How can you create multiple cursors in Visual Studio Code

Press Alt and click. This works on Windows and Linux*, and it should work on Mac, too.

More multi-cursor features are now available in Visual Studio Code 0.2:

Multi cursor improvements
Ctrl+D (Cmd+D on Mac) selects next occurrence of word under cursor or of the current selection
Ctrl+K Ctrl+D moves last added cursor to next occurrence of word under cursor or of the current selection
The commands use matchCase by default.

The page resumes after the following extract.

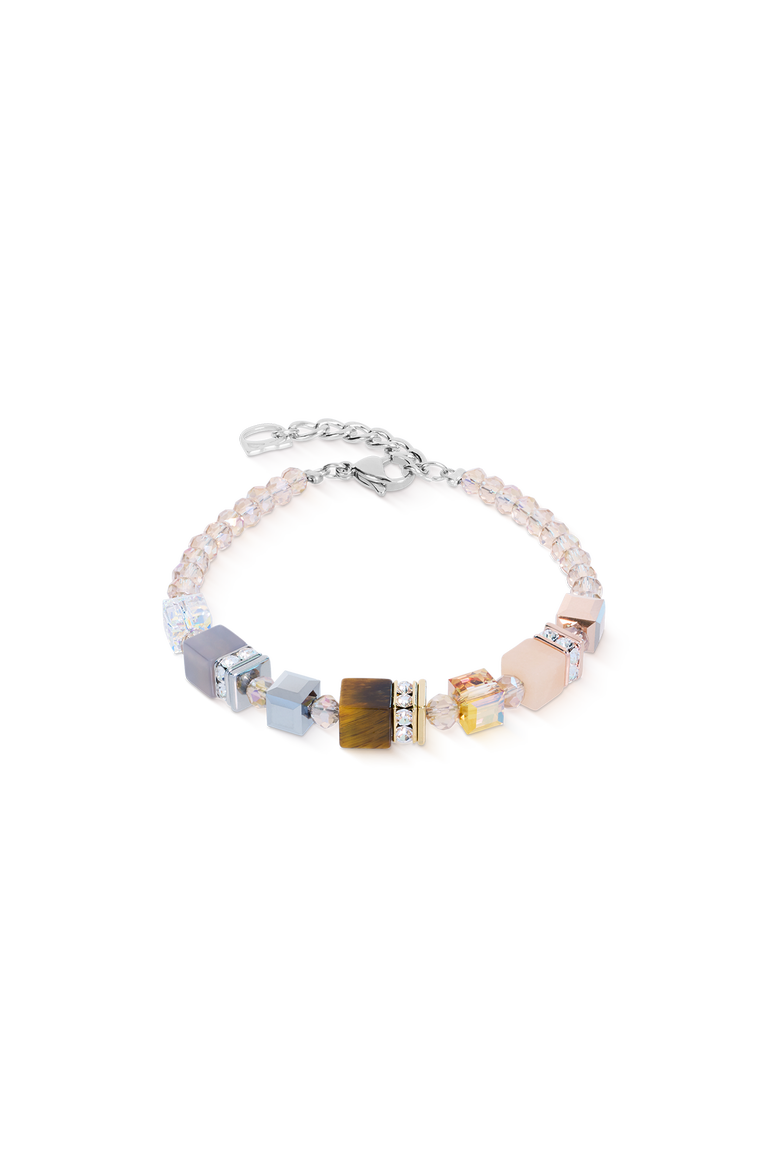 GeoCUBE® Precious Nature Bracelet Tricolor, Main, color, Beige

If the find widget is open, then the find widget settings (matchCase / matchWholeWord) will be used for determining the next occurrence
Ctrl+U (Cmd+U on Mac) undoes the last cursor action, so if you added a cursor too many or made a mistake, you can press Ctrl+U (Cmd+U on Mac) to go back to the previous cursor state.
Adding cursor up or down (Ctrl+Alt+Up / Ctrl+Alt+Down) (Cmd+Alt+Up / Cmd+Alt+Down on Mac) now reveals the last added cursor to make it easier to work with multiple cursors on more than 1 viewport height at a time (i.e. select 300 lines and only 80 fit in the viewport).

This makes it a lot easier to introduce multiple cursors

* Linux drag-window conflict:

Some distros (e.g. Ubuntu) assign window dragging to Alt+LeftMouse, which will conflict with VSCode.

So, recent versions of VSCode let you toggle between Alt+LeftMouse and Ctrl+LeftMouse under the Selection menu, as detailed in another answer.

Alternately, you could change your OS key bindings using gsettings as mentioned in another answer.